*Records for the task*:
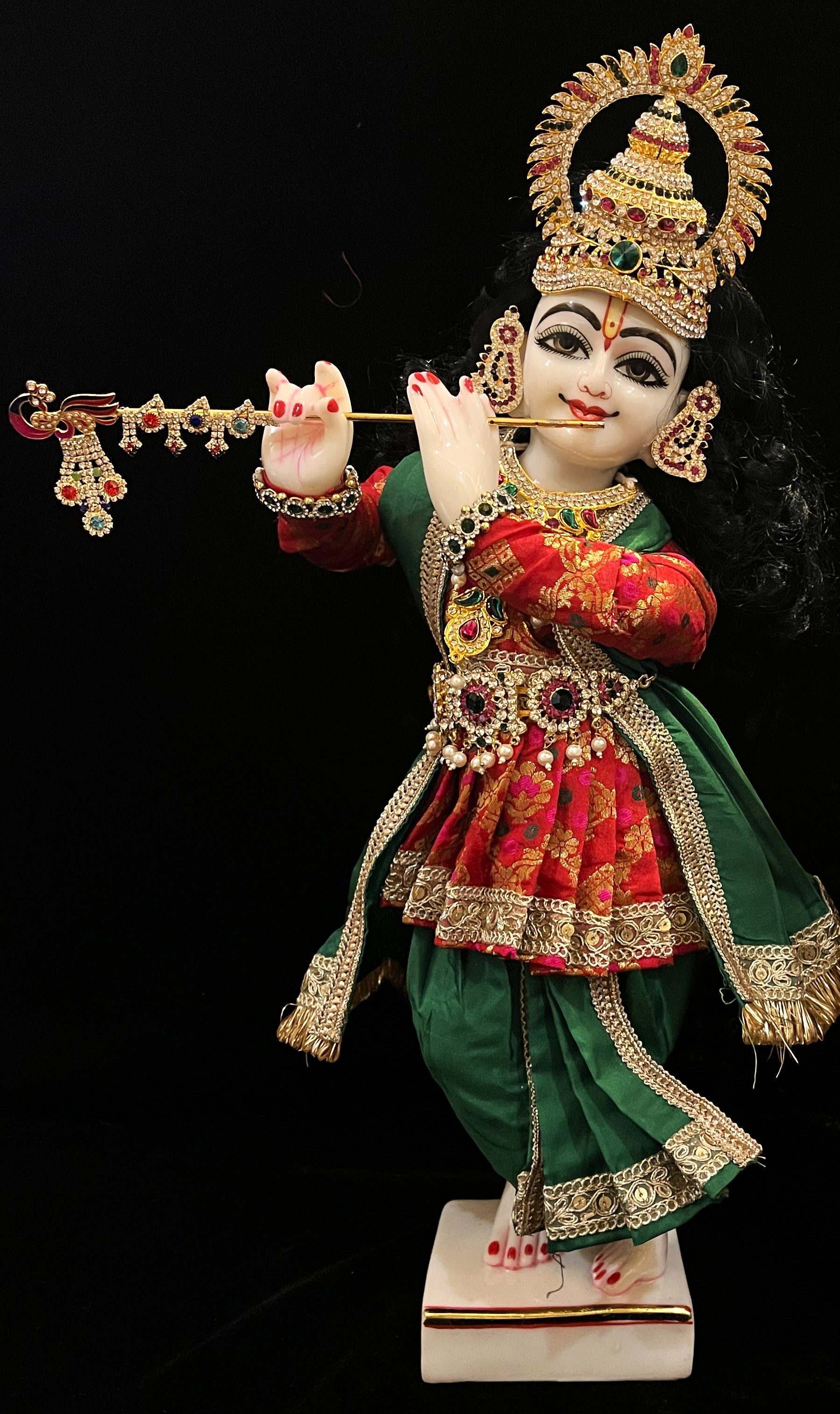 Angharkha dhoti  Patka/shalya, made of  Multicoloured Chanderi Silk (Not Pure Silk) - Red pre-plated, pre-stiched Angarkha with Dark Green Contrast and Dhoti and shallya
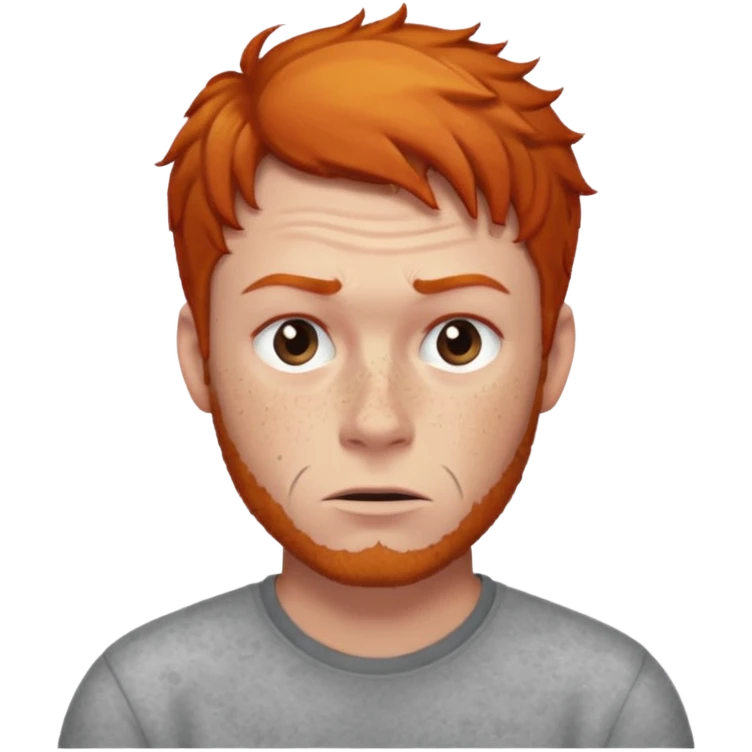 A ginger haired man raising his eyebrow in a questioning way emoji
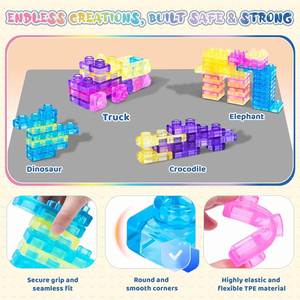 40-Piece Jelly Building <b>Blocks</b> Squishy <b>Rubber</b> Educational Toy for Children-Soft and Relieving Animals & Nature Theme - Product Image 5
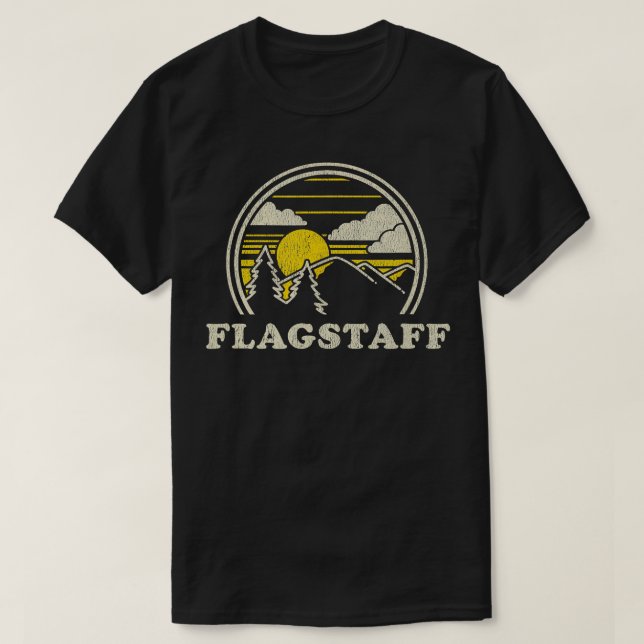 Flagstaff Arizona AZ  Vintage Hiking Mountains Tee (Design Front)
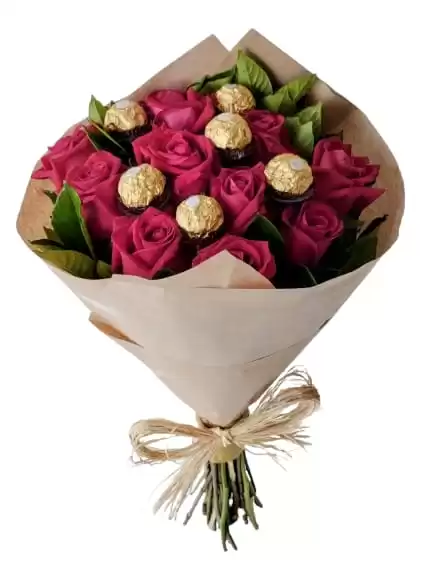 Buquê Luxo com Rosas e Ferrero Rocher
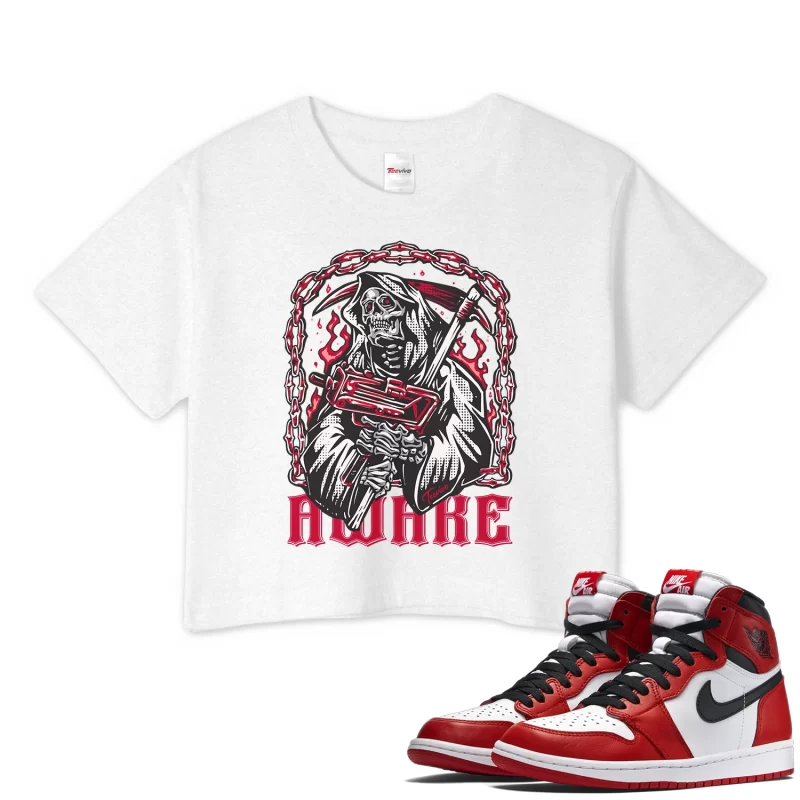 TeeVivo Crop Top Match Air Jordan 1 Retro High OG Chicago Lost and Found Awake – Air Jordan 1 Crop Top, AJ1 Crop Top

*Exercise objective*: All the material above must be copied exactly, and no picture belongs in the copy.

*Your solution*:
 Angharkha dhoti  Patka/shalya, made of  Multicoloured Chanderi Silk (Not Pure Silk) - Red pre-plated, pre-stiched Angarkha with Dark Green Contrast and Dhoti and shallya
 A ginger haired man raising his eyebrow in a questioning way emoji
 40-Piece Jelly Building <b>Blocks</b> Squishy <b>Rubber</b> Educational Toy for Children-Soft and Relieving Animals & Nature Theme - Product Image 5
 Flagstaff Arizona AZ  Vintage Hiking Mountains Tee (Design Front)
 Buquê Luxo com Rosas e Ferrero Rocher
 TeeVivo Crop Top Match Air Jordan 1 Retro High OG Chicago Lost and Found Awake – Air Jordan 1 Crop Top, AJ1 Crop Top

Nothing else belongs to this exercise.